The other factor which we need to consider is we might installed and using different tools as our system/python-package management (e.g. Anaconda, native python packages, aws bundles…) and on top of that also we might have different packages to be installed in our working stations like IDE compatibility python packages which probably we don’t want them to be shared with others. Last but not least, we probably will have a setup on on production stages which is vary from development or testing. Besides, having different stages for automate deployments should be considered as a crucial need for making a seamless deployment cycle.

To address all above problems, one approach would be having separate standalone virtual environments for certain parts of the project which could cause incompatibility on packages dependencies. Moreover, we can benefit from some level of abstraction by defining requirements in multiple chunks which can be all driven from each other in an explicit hierarchy of stages.

The solution for managing multiple virtual environments is mostly covered in previous parts of this comment and can be handled either ways but regarding the hierarchy of the requirements we can use a pip package called pip-tools which efficiently compare all the packages sub-dependencies and compiles a list of all the required packages respectively in such a deterministic way which guarantee we will have the exact same environment setup after deployment.

In order to split requirements down into multiple chunks, defining the hierarchy is the initial step:

Screenshot_2019-01-25_at_15.04.04

As you already found in above scheme, we can have some sort of top down hierarchy which any of upper level requirement chunk can be load into the lower levels. Notice that, none of the middle stages are not compulsory and can be omitted for constructing the lower level requirements.

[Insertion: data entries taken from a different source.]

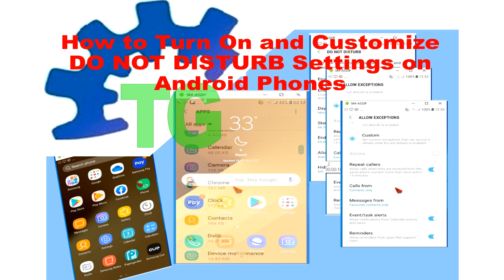Welcome to TechGuy channel. In this tutorial, I'm going to show you how to turn on and customize Do Not Disturb settings on Android phones.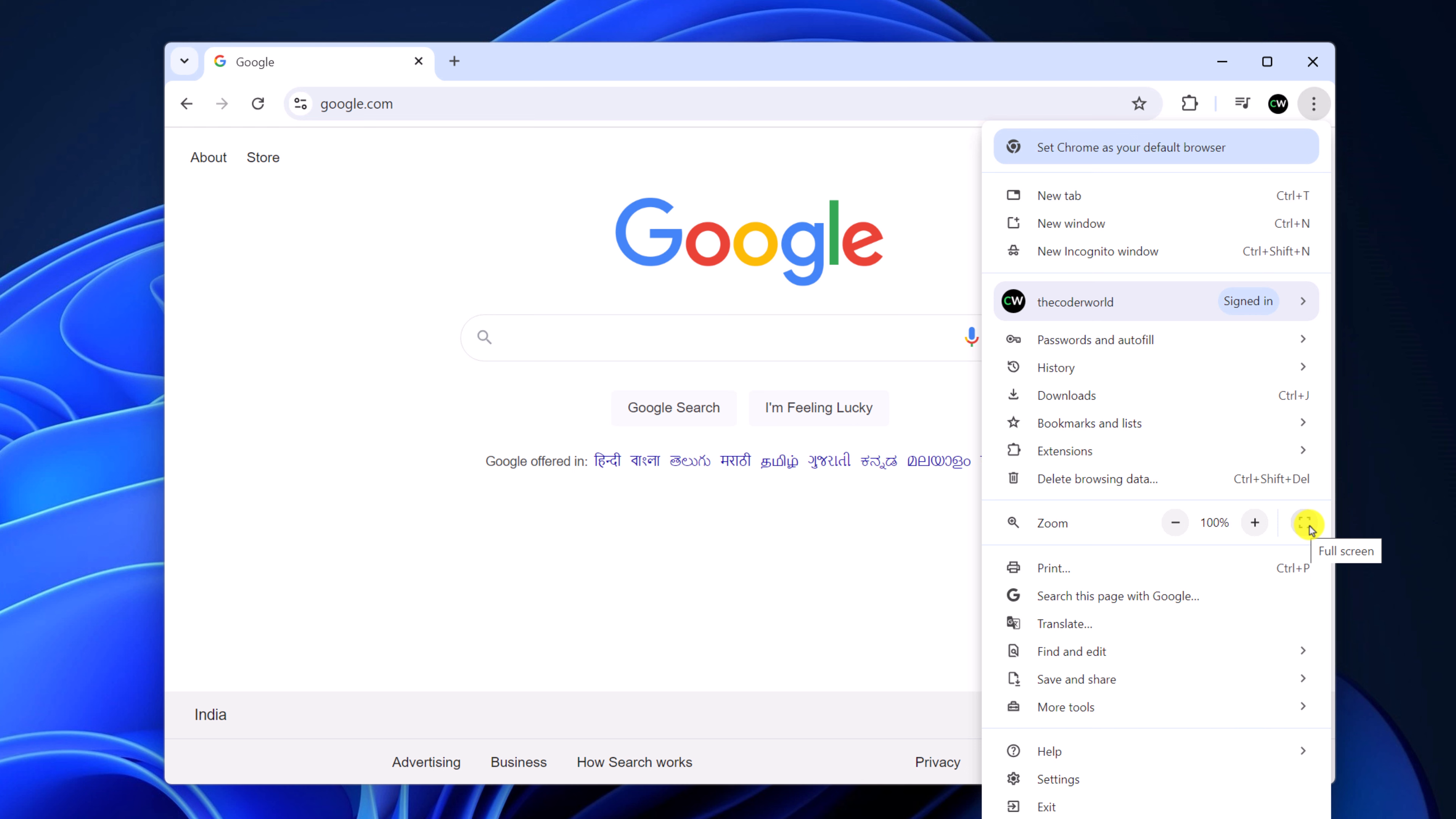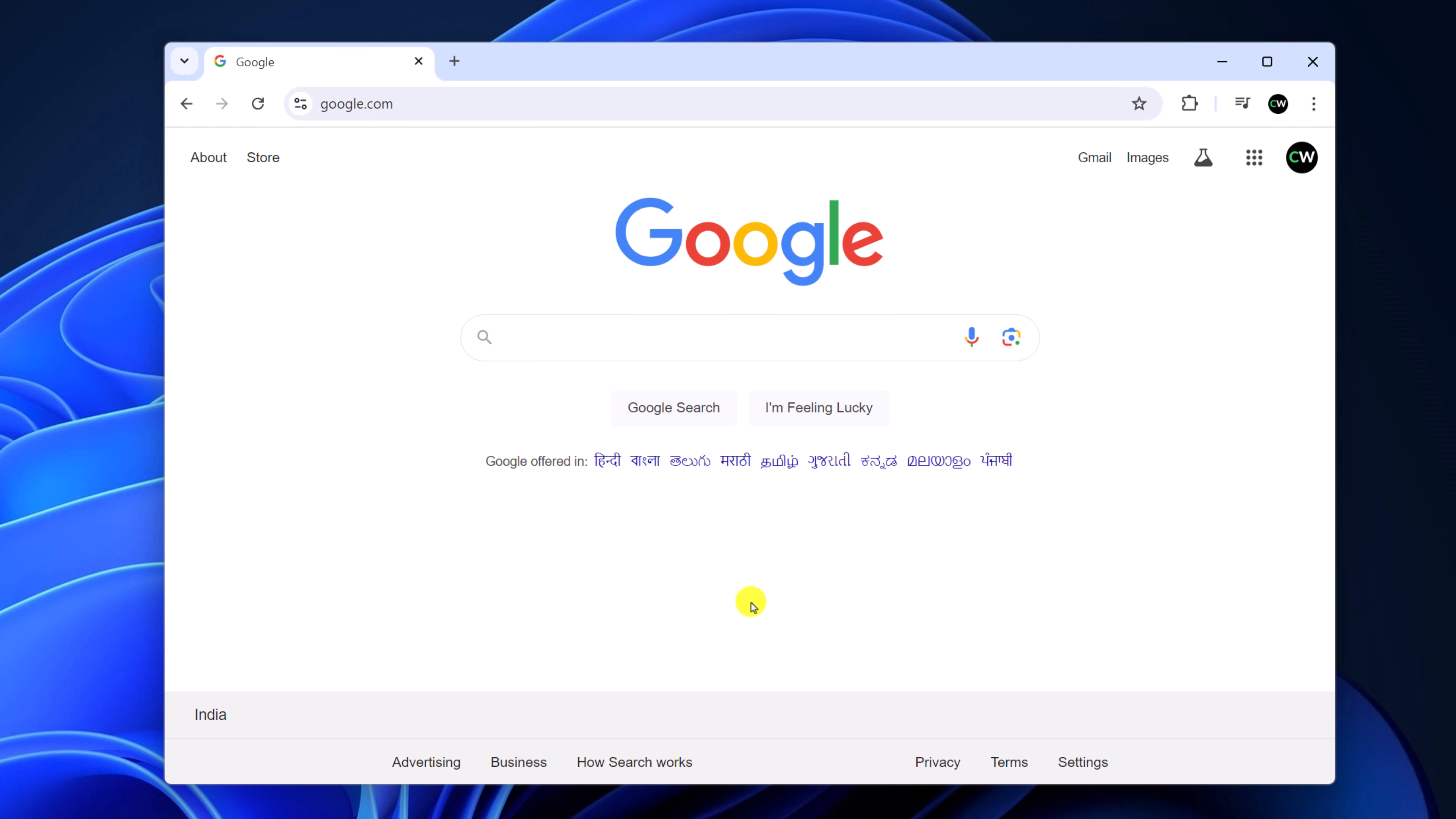You can also enable full screen in Google Chrome using a keyboard shortcut. For that, you can press F11 or Function key plus F11. This will allow you to use Google Chrome in full screen.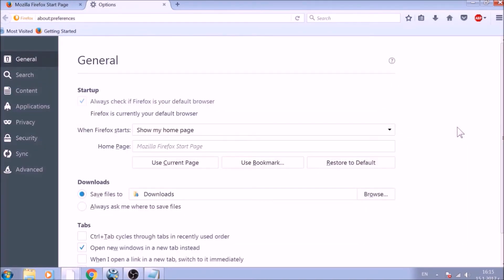To change your home page default, click on the Restore to Default button under the Home page bar.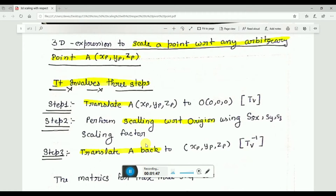Scaling is about changing the size of an object. We have already discussed this in 2D transformation. The problem here is that we need to scale with respect to an arbitrary point rather than the origin, so we follow three steps — just follow them simply.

Also, pip-tools provides an abstraction interface on defining requirements file and basically it expects us only define main packages and all the sub-packages will be automatically linked and dumped into output requirements.txt files. A simple instructions of .in and .txt files definition in pip-tools you can check out the following link. https://koed00.github.io/managed-environments-with-piptools/

But in order to have a more realistic example consider the following snippets:

# imagine for make an fresh venv without any package installed
# go to the project directory
$ cd project_dir

# install the pip-tools via pip
# ATTENTION: DO NOT UPDATE PIP TO ITS LATEST VERSION.
$ pip install pip-tools

# lets define the our requirements chunks
$ mkdir requirements
$ cd requirements

# As top level requirement file lets create main.in first
# (all the packages name in the following command are just arbitrary 
# can be literally anything)
# here we just see the content of the file which we created

# main.in content:
awscli
boto3

# dev.in content:
-r main.in
pandas
numpy

# data_simulation.in content:
-r dev.in
geopandas
turicreate
rtree

# mark-local.in content:
-r data_simulation.in 
pep98
pylint


# Running the pip-compile on the last file of the chain 
# to compile and output .txt pip requirements file
$ pip-compile mark-local.in  # it could take awhile

# Run pip-sync to actually install the package
$ pip-sync mark-local.txt  # consider the txt extension

A few notes:

Consider that the outcome of the pip-compile will be an *.txt file with same name as input file.
Do not upgrade the pip to version 19.0 or above since it has some unresolved bugs.
pip-compile file can be run on any file in the hierarchy not only the last in the chain.
You might ran into maximum pip iteration threshold if you have many nested .in files which can be resolve by increasing that threshold system-wide (google it).
For adding or removing any package, just remove it from the *.in file and run pip-compile to regenerate the *.txt file and at end pip-sync to reflect on venv. That automatically take care of all sub-dependency and remove them all too.
Since we usually don’t pin the packages in *.in files (except when we have to), in order to update or upgrade packages we need to run pip-compile on regular basis. (for more on pinning package read this article).
Both *.in and *.txt files should be tracked with version control system (git in our case).